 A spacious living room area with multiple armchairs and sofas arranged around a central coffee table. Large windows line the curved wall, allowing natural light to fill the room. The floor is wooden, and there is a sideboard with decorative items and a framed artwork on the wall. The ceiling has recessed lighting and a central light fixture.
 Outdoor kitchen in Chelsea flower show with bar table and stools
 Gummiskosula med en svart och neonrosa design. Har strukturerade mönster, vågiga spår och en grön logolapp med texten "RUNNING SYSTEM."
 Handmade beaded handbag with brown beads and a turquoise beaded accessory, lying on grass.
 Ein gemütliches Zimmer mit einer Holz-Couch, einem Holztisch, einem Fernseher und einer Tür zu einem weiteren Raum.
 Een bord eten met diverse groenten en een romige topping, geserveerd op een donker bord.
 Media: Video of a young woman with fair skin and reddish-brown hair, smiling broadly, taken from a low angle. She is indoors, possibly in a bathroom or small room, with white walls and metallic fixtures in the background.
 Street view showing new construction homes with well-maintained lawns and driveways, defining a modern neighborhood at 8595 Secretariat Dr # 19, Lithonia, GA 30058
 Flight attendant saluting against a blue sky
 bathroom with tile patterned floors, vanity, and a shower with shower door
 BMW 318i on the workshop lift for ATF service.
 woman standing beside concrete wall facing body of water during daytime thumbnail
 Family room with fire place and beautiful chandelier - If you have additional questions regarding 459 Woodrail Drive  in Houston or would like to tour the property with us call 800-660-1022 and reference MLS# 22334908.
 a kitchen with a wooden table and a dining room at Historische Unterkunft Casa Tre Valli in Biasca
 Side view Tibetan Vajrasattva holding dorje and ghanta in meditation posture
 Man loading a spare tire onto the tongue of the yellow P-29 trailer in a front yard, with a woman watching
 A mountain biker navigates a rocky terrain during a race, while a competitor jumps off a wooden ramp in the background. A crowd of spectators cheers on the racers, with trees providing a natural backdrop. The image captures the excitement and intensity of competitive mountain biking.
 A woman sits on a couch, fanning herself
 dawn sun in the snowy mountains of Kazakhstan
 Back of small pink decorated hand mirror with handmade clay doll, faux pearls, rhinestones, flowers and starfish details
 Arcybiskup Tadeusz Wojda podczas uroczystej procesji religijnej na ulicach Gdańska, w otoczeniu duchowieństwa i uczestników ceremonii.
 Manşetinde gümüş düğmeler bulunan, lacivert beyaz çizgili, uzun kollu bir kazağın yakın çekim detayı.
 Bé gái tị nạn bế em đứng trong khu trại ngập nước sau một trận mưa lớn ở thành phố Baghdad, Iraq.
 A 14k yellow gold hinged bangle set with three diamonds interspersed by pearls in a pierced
========
Retype all of the entries precisely as they are.

TASK OUTPUT:
 A spacious living room area with multiple armchairs and sofas arranged around a central coffee table. Large windows line the curved wall, allowing natural light to fill the room. The floor is wooden, and there is a sideboard with decorative items and a framed artwork on the wall. The ceiling has recessed lighting and a central light fixture.
 Outdoor kitchen in Chelsea flower show with bar table and stools
 Gummiskosula med en svart och neonrosa design. Har strukturerade mönster, vågiga spår och en grön logolapp med texten "RUNNING SYSTEM."
 Handmade beaded handbag with brown beads and a turquoise beaded accessory, lying on grass.
 Ein gemütliches Zimmer mit einer Holz-Couch, einem Holztisch, einem Fernseher und einer Tür zu einem weiteren Raum.
 Een bord eten met diverse groenten en een romige topping, geserveerd op een donker bord.
 Media: Video of a young woman with fair skin and reddish-brown hair, smiling broadly, taken from a low angle. She is indoors, possibly in a bathroom or small room, with white walls and metallic fixtures in the background.
 Street view showing new construction homes with well-maintained lawns and driveways, defining a modern neighborhood at 8595 Secretariat Dr # 19, Lithonia, GA 30058
 Flight attendant saluting against a blue sky
 bathroom with tile patterned floors, vanity, and a shower with shower door
 BMW 318i on the workshop lift for ATF service.
 woman standing beside concrete wall facing body of water during daytime thumbnail
 Family room with fire place and beautiful chandelier - If you have additional questions regarding 459 Woodrail Drive  in Houston or would like to tour the property with us call 800-660-1022 and reference MLS# 22334908.
 a kitchen with a wooden table and a dining room at Historische Unterkunft Casa Tre Valli in Biasca
 Side view Tibetan Vajrasattva holding dorje and ghanta in meditation posture
 Man loading a spare tire onto the tongue of the yellow P-29 trailer in a front yard, with a woman watching
 A mountain biker navigates a rocky terrain during a race, while a competitor jumps off a wooden ramp in the background. A crowd of spectators cheers on the racers, with trees providing a natural backdrop. The image captures the excitement and intensity of competitive mountain biking.
 A woman sits on a couch, fanning herself
 dawn sun in the snowy mountains of Kazakhstan
 Back of small pink decorated hand mirror with handmade clay doll, faux pearls, rhinestones, flowers and starfish details
 Arcybiskup Tadeusz Wojda podczas uroczystej procesji religijnej na ulicach Gdańska, w otoczeniu duchowieństwa i uczestników ceremonii.
 Manşetinde gümüş düğmeler bulunan, lacivert beyaz çizgili, uzun kollu bir kazağın yakın çekim detayı.
 Bé gái tị nạn bế em đứng trong khu trại ngập nước sau một trận mưa lớn ở thành phố Baghdad, Iraq.
 A 14k yellow gold hinged bangle set with three diamonds interspersed by pearls in a pierced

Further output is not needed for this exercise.